今週の「マガジン9」

 渋谷のハチ公前広場で、雷雨があがった蒸し暑さのなか、私は涙をこぼしていた。
 通行人に押され、将棋倒しになりそうになり、怖かったからじゃない。「選挙フェス」という幕を掲げた急ごしらえのスタンドの上に、二人の候補者がいたからだ。
 山本太郎と三宅洋平。「無所属で東京選挙区」と「小さな政党・緑の党からの比例区」。この俳優とミュージシャンがいま、私に涙を流させる。昨年の衆議院選挙最終日、高円寺の駅前広場でも立候補した太郎を応援している洋平を見た。そのときから、そういえばこの選挙に出ると宣言していたっけ。
 この二人、いいです。すごく、訴えかけるものがあります。太郎の演説は、やはり俳優ならではです。選挙戦終盤は、疲労がたまっているのか時々言葉につまるけど。頭の大きな円形脱毛症が心配になるけど。誠実に、わかりやすく、どうしてこのままでいいのか? この空気の読めないバカを応援してくれ、と切々と。歩みを止めない若者たちにまで声をかける。
 そして、洋平は音楽です。歌です。その合間に語りかける決意です。みんな動き出そうぜ、太郎を一人にはしない。革命はテレビに映らない!! 思いが音楽に乗り、とても考え抜かれた強いメッセージが熱く……がんがん五感に響いてくる。
 たしかに、太郎も洋平も(自分たちも言うように)国会に行ったら、もみくちゃでしょう。何もやらせてもらえないかもしれない。でも心に迫るんですよ、彼らの言葉は。アラブの春で詩人が重要視されたように、オバマの演説がアメリカを変えたように、私には届くんですよ、思いが。
 私は年甲斐もなく、ハチ公前の聴衆のなかで手をたたき、「そうだ」と叫んで、最後にはなんだか感動しました。カンパたくさん、しちゃいました。

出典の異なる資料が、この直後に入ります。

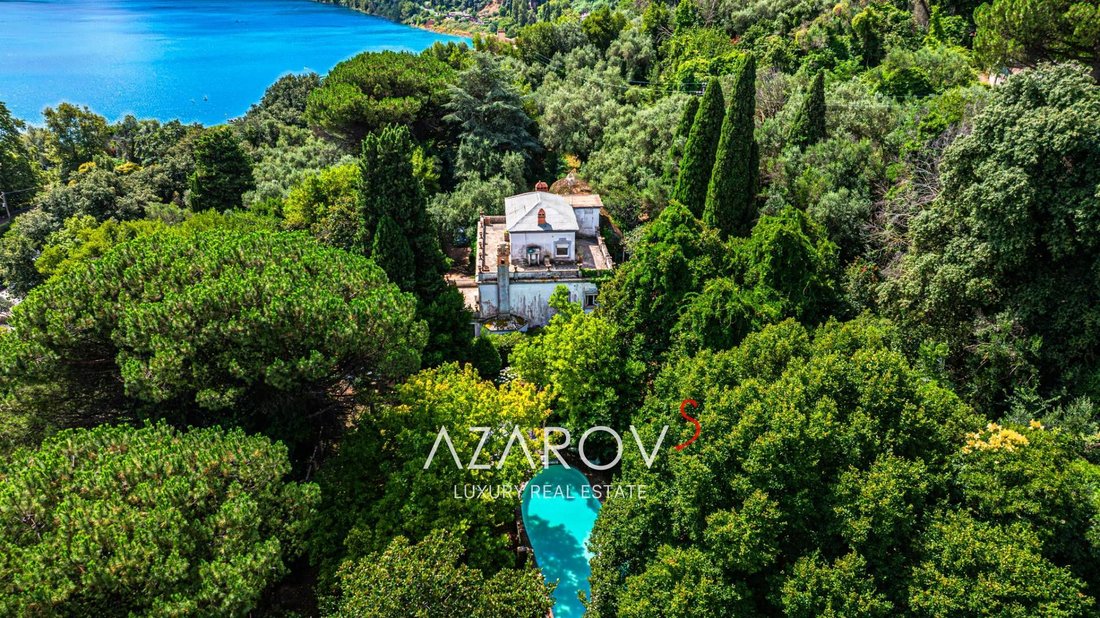 Villa in Castel Gandolfo, Lazio, Italy 1 - 15924337
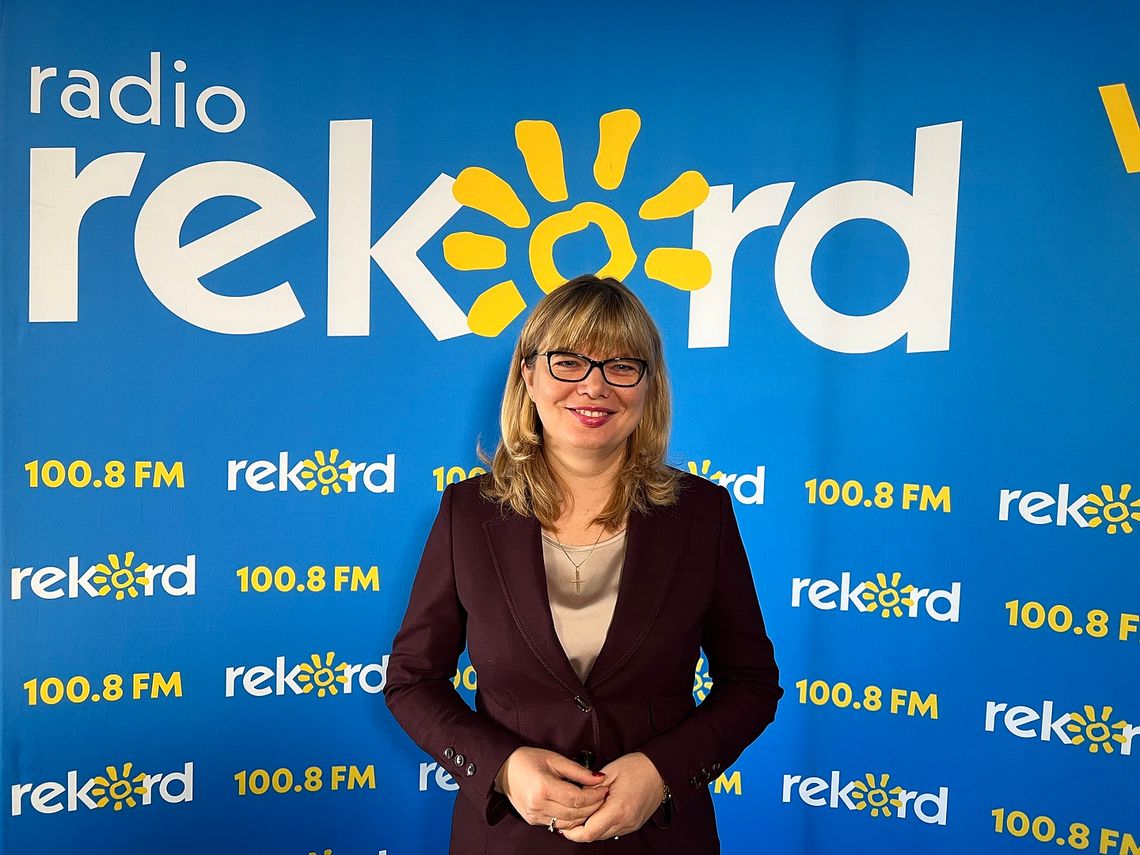 Magdalena Fogiel-Litwinek w studiu Radia Rekord Świętokrzyskie podczas audycji „Temat Dnia”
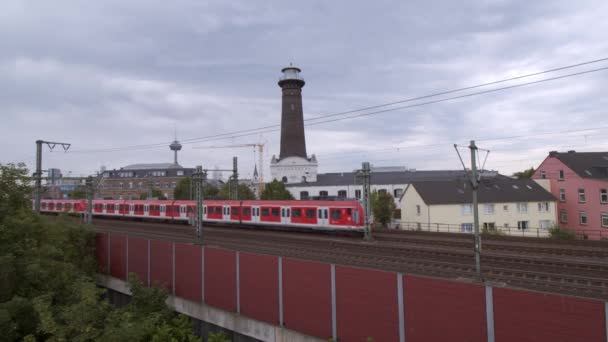 Kolín Nad Rýnem Ehrenfeld Německo 2022 Červený Dojíždějící Vlak Projíždí — Stock video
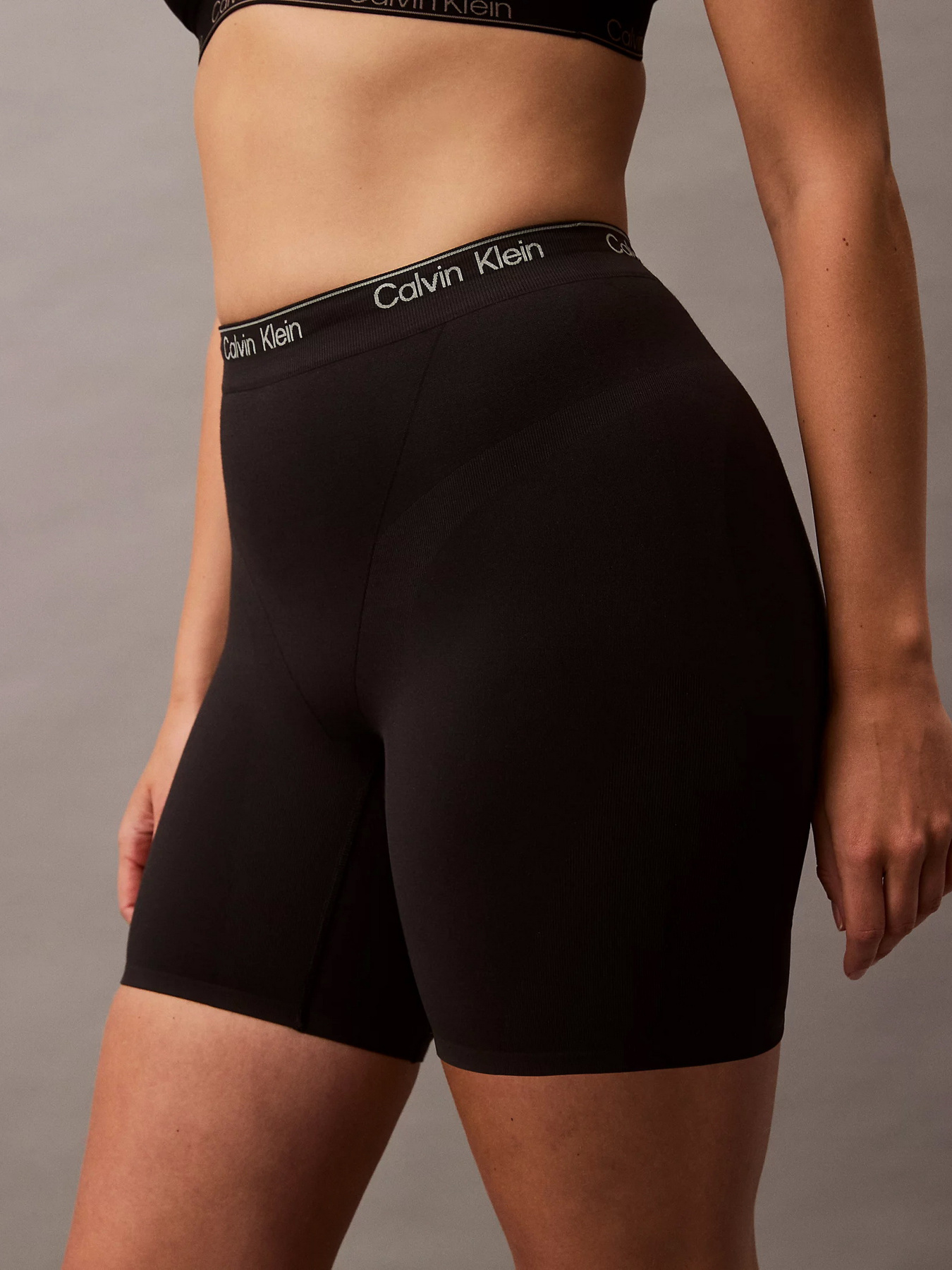 Велосипедки Calvin Klein Underwear модель LV00QF8324-UB1 Фото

 今週の土曜日、選挙戦最終日。もちろん、私はハチ公前に行くつもりだ。かなりの人数があつまることになるだろう(集まってほしい!)。二人が簡単に当選できるとは思ってはいない。だけど、あのメッセージと歌は、彼らの言葉は、聞いておくべき!
 みなさん、何かが始まったのかもしれません。

*彼らの政策、主張は、情緒的なこの文章では書ききれません。ネットで調べてみてください。
*投票には必ず行きましょうね。